I use the collar to proof exercises. However, I am a big believer in teaching the behavior before I add in any kind of pressure or pain. It is unfair to the dog to add that in when they don't understand what is expected of them.

Having said that, a solid recall and a solid down are my go to for safety. The down is the one I use most and continue to proof with electric. If I tell platz and he doesn't drop, there will be tell to pay. It's a non negotiable command that his life could depend on.

There are many roads to Rome. Find the one right for you while being fair to your dog.


----------



## mspiker03 (Dec 7, 2006)

GandalfTheShepherd said:


> More solid training and long line work I'd imagine (although yes probably harsher methods too!) I prefer positive reinforcement with training the recall, I only want it to be a pleasant experience for him. He is very ball driven so we have used this to our advantage. Every dog is different and responds better to a particular method, my last two dogs required very little off leash training and they never blew a recall and stuck by us. Trust me a biothane long lead is VERY practical in the forest, we hike in the dense florida underbrush here with saw palms galore, much thicker than any mountain/northern woods. We are also hiking the mountains this week so I will let you know how that goes. One of the main reasons we bought this dog was to have an off leash hiking partner. Shepherds have that natural instinct to stay close by, which is why we chose this breed. This long line doesn't snag on anything and it doesn't soak up moisture. My current dog took quite a bit more work than the last two, he had a solid recall up until 8 or 9 months when he blew it on a neighbors toy poodle harassing him. After working with the long lead around more toy dog distractions he is now perfect. We have no more problems going out in the yard he completely ignores the poodle. He has always had a perfect recall off of chasing deer, rabbit, and birds and he has a very high prey drive. At 10 months old I would say his recall is now 99%, he no longer blows me off but still I choose to keep the long line on him since it isn't any trouble (not to mention leash laws around here). Here is a video of him going after a bird and then the recall. And another of hiking with the biothane lead (sometimes we cut into those dense areas on your left and right and the lead does well.) Yes I could very well believe those dogs with the e collar were poorly trained, I've seen how effective a good trainer is with an E collar but there are other options for the OP. I didn't go with the E collar because I couldn't afford one and I couldn't afford the trainer. It is too easy to ruin a dog if you do it the wrong way! I also personally don't believe there is any harm waiting until the dog is older, this is adolescence after all they have much growing up to do.

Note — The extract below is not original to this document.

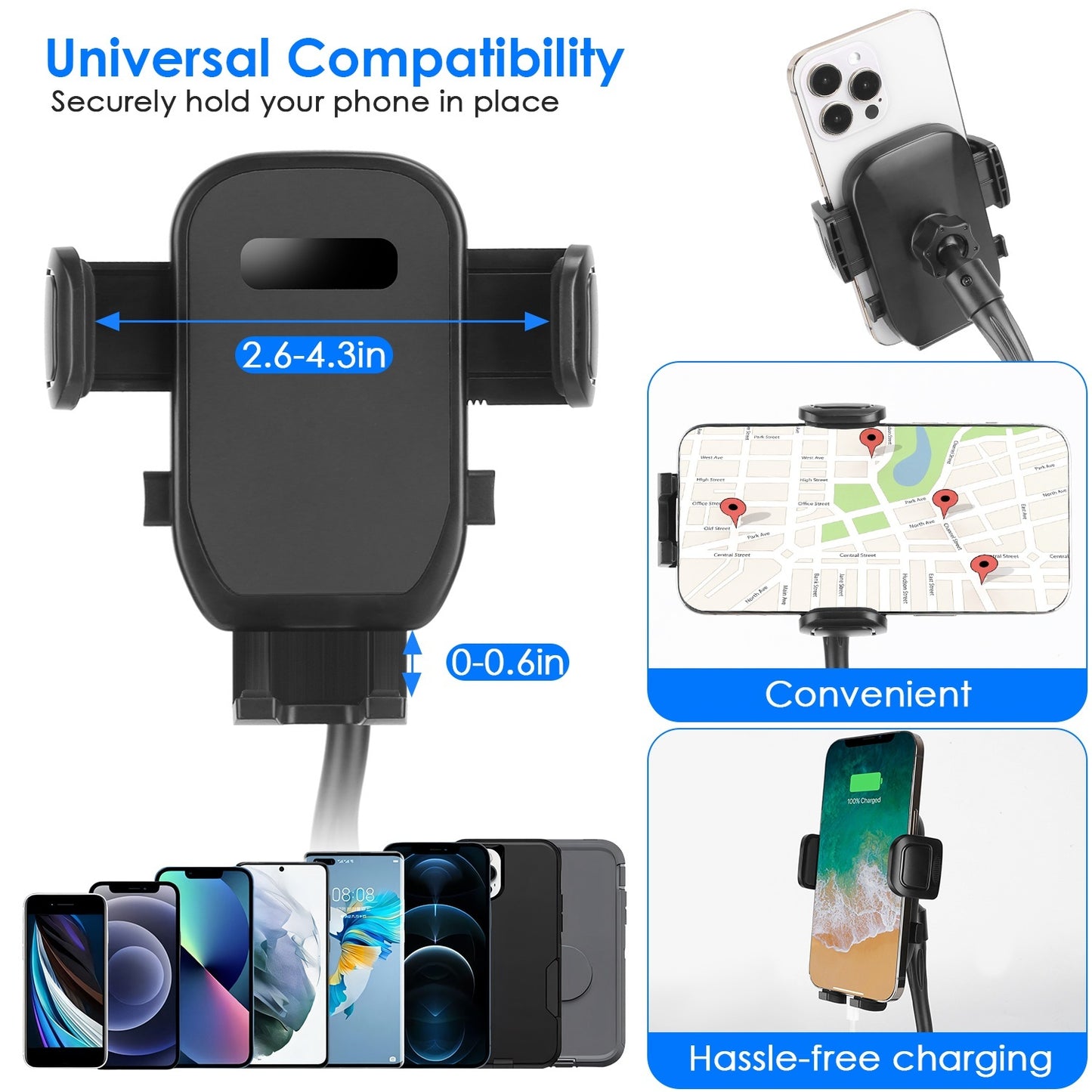 1Pc 2 In 1 Car Cup Phone Holder Automotive Drink Holder With 360 Degree Rotating Gooseneck Phone Mount Adjustable Base Fit For Most Phones Cups Vehicles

We train our recall every single day and we train hard, this pup has been off leash/ or on a long lead in the woods since he was 8 weeks old.
> 
> https://www.youtube.com/watch?v=8RPIwfPzv-M
> 
> https://www.youtube.com/watch?v=kN3KUbv5v_U



Just because one uses an ecollar to proof does not mean they do not use positive reinforcement to train a recall. And even after introducing and using an ecollar - it doesn't mean that the positive reinforcement stops.


----------



## GandalfTheShepherd (May 1, 2017)

mspiker03 said:


> GandalfTheShepherd said:
> 
> 
> > More solid training and long line work I'd imagine (although yes probably harsher methods too!) I prefer positive reinforcement with training the recall, I only want it to be a pleasant experience for him. He is very ball driven so we have used this to our advantage. Every dog is different and responds better to a particular method, my last two dogs required very little off leash training and they never blew a recall and stuck by us. Trust me a biothane long lead is VERY practical in the forest, we hike in the dense florida underbrush here with saw palms galore, much thicker than any mountain/northern woods. We are also hiking the mountains this week so I will let you know how that goes. One of the main reasons we bought this dog was to have an off leash hiking partner. Shepherds have that natural instinct to stay close by, which is why we chose this breed. This long line doesn't snag on anything and it doesn't soak up moisture. My current dog took quite a bit more work than the last two, he had a solid recall up until 8 or 9 months when he blew it on a neighbors toy poodle harassing him. After working with the long lead around more toy dog distractions he is now perfect. We have no more problems going out in the yard he completely ignores the poodle. He has always had a perfect recall off of chasing deer, rabbit, and birds and he has a very high prey drive. At 10 months old I would say his recall is now 99%, he no longer blows me off but still I choose to keep the long line on him since it isn't any trouble (not to mention leash laws around here). Here is a video of him going after a bird and then the recall. And another of hiking with the biothane lead (sometimes we cut into those dense areas on your left and right and the lead does well.) Yes I could very well believe those dogs with the e collar were poorly trained, I've seen how effective a good trainer is with an E collar but there are other options for the OP. I didn't go with the E collar because I couldn't afford one and I couldn't afford the trainer. It is too easy to ruin a dog if you do it the wrong way! I also personally don't believe there is any harm waiting until the dog is older, this is adolescence after all they have much growing up to do. We train our recall every single day and we train hard, this pup has been off leash/ or on a long lead in the woods since he was 8 weeks old.
> ...


No where did I say that. You are mis quoting me. I am a strong believer in well rounded training, I use both positive and negative reinforcement. For example I use a prong collar and some situations I use treats or praise. I'm just saying there are other alternatives. You don't NEED an e collar for a successful recall. It all depends on how the specific dog learns. I didn't train with an e collar for several reasons:
1.) a quality one can be expensive and we are poor
2.) you need to know what you are doing with one or get a good trainer to help teach you. I don't know how to use one and I can't afford a trainer at the moment.
3.) my dog is soft. He yelps self correcting on a large size prong collar. He learns best through encouragement and positive training. 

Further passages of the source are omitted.